Ein Kommentar von Tom Fowdy
In einem kürzlich erschienenen Meinungsartikel hatte ich die Verherrlichung des Europäischen Parlaments durch die Mainstream-Medien kritisiert, mit der das irreführende Narrativ verbreitet wird, dass Europa Taiwan gegenüber China vorziehen würde und dass Pekings sogenanntes "Mobbing" bei diesem Thema die Brücken zur EU verbrenne. Dies war über das ganze Jahr 2021 hindurch ein umfassendes Thema, bei dem hartnäckig Geschichten verbreitet wurden, in denen man behauptete, Chinas "Wolfskrieger"-Politik – oder genauer gesagt, die harten Reaktionen auf westliche Provokationen in sensiblen souveränen Fragen – sei ein selbstisolierender Schritt gewesen.
Dies wurde durch das Drama im vergangenen März perfekt zur Schau gestellt, als die EU beschloss, chinesische Beamte in Xinjiang wegen mutmaßlicher Menschenrechtsverletzungen zu sanktionieren. Peking reagierte darauf heftig, indem es eine Reihe von EU-Abgeordneten auf eine schwarze Liste setzte, die daraufhin die Ratifizierung des umfassenden Investitionsabkommens zwischen der EU und China einfroren.
Kürzlich erschien jedoch in der South China Morning Post ein Artikel, in dem behauptet wurde, die EU habe beschlossen, einen "vertraulichen" Plan zur Verbesserung der Handels- und Investitionsbeziehungen mit Taiwan – wie von EU-Abgeordneten in einem kürzlich veröffentlichten Bericht gefordert – auf Eis zu legen, und dies nach einer sehr eindringlichen Warnung des chinesischen Botschafters bei der EU, Zhang Ming. Auf einer kürzlich in Brüssel stattgefundenen Veranstaltung sagte er: "Wenn sich etwas ändert, dann ist es der zunehmende Wille des chinesischen Volkes, die vollständige Wiedervereinigung unseres Landes zu verwirklichen. Manche Menschen in Europa scheinen das Streben der Chinesen nach einer Wiedervereinigung unseres Landes zu unterschätzen."
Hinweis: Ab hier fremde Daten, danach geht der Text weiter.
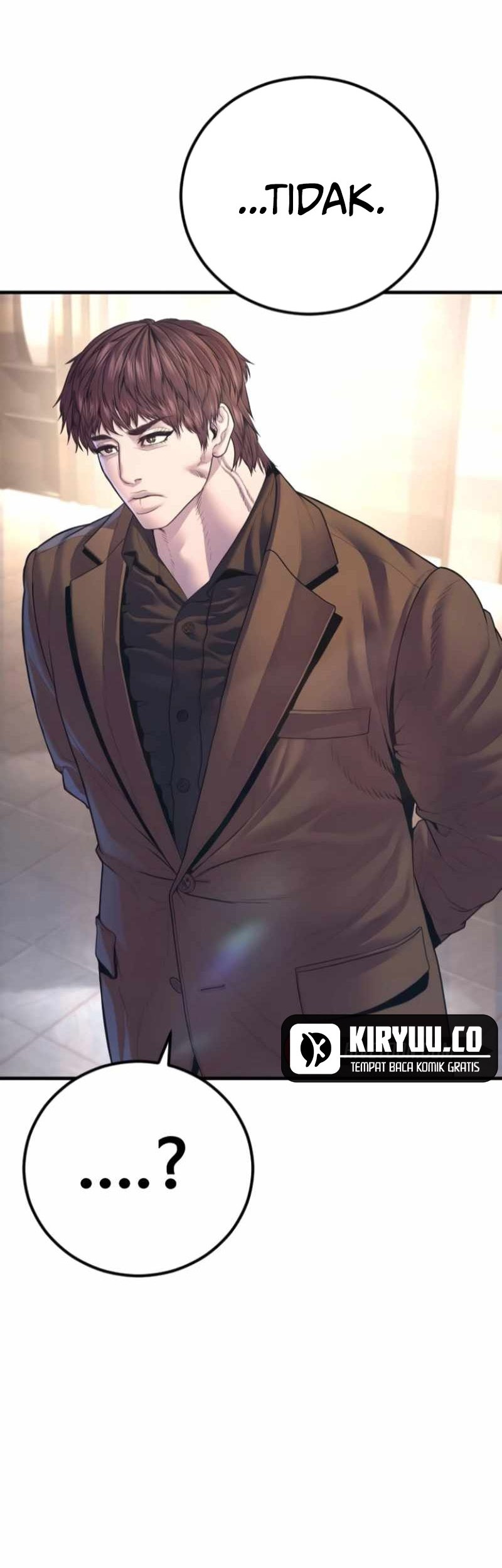 Manga page 63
Wenn wir uns an das Narrativ der Mainstream-Medien halten, dann müsste dies als Paradebeispiel dafür angesehen werden, dass Zhang sich an der "Wolfskrieger"-Diplomatie beteiligt und China von Europa entfremdet. Die Realität ist jedoch, dass die EU auf institutioneller Ebene einen Plan in Bezug auf Taiwan aufgegeben hat, in Befürchtungen hinsichtlich seiner Verbindungen zu Peking, (was wiederum die Bedeutungslosigkeit des Europäischen Parlaments verdeutlicht). Zeigt dies nicht, dass Chinas harte Positionen zu souveränen und territorialen Fragen tatsächlich Erfolg haben? Und ebenso, dass die ständige Förderung des Europäischen Parlaments für eine Opposition gegen Peking übertrieben ist?
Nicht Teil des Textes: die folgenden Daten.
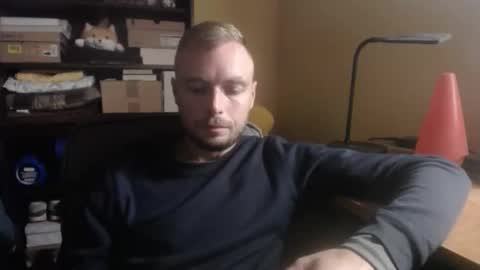 J. online show from 10.05.25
Diese Narrative fehlinterpretieren nicht nur Chinas Prioritäten in Bezug auf Staatsangelegenheiten, sondern unterschätzen auch den Einfluss, den Peking ausüben kann, während sie den Willen des Westens, darauf zu reagieren, überschätzen.
Abgesehen von einer Handvoll Agitatoren hat die EU in Wirklichkeit nicht den kollektiven politischen Willen oder die Kraft, sich auf einen langwierigen diplomatischen Streit über Taiwan einzulassen – ein Problem, das China mit einem Nullsummenspiel angeht und bei dem es keine Kompromisse eingehen muss oder wird. Wie wir soeben gesehen haben, wer hat zuerst mit den Augen geblinzelt?
Eine entscheidende Sache, die man über China verstehen muss – und was die Medien praktischerweise nie erwähnen –, ist, dass seine Sicht auf die nationale Souveränität durch die postkoloniale Erfahrung geprägt ist, die es als das "Jahrhundert der Demütigung" betrachtet. Nach wiederholten Verletzungen der nationalen Souveränität durch ausländische Invasoren und der subsequenten Kolonisation ist Chinas institutionelle Haltung sensibler als die anderer Länder. Auf der anderen Seite gelten beispielsweise Fragen der nationalen Sicherheit für den englischsprachigen Westen als selbstverständlich.
Betrachten wir nur mal das Vereinigte Königreich. Wann wurde Großbritannien jemals kolonisiert? Wann wurde es zuletzt erfolgreich überfallen? Die normannische Ära ist für die modernen internationalen Beziehungen nicht relevant. Großbritannien hatte das Privileg, jahrhundertelang eine weltweit dominierende Seemacht zu sein, und triumphierte, von Napoleon bis zu Hitler, in fast jedem Krieg. Dieses in der anglophonen Welt weit verbreitete Gefühl von Privileg missinterpretiert Chinas entschlossenes Vorgehen im Namen seiner eigenen Souveränität ständig als eine Form von Autoritarismus und Aggression.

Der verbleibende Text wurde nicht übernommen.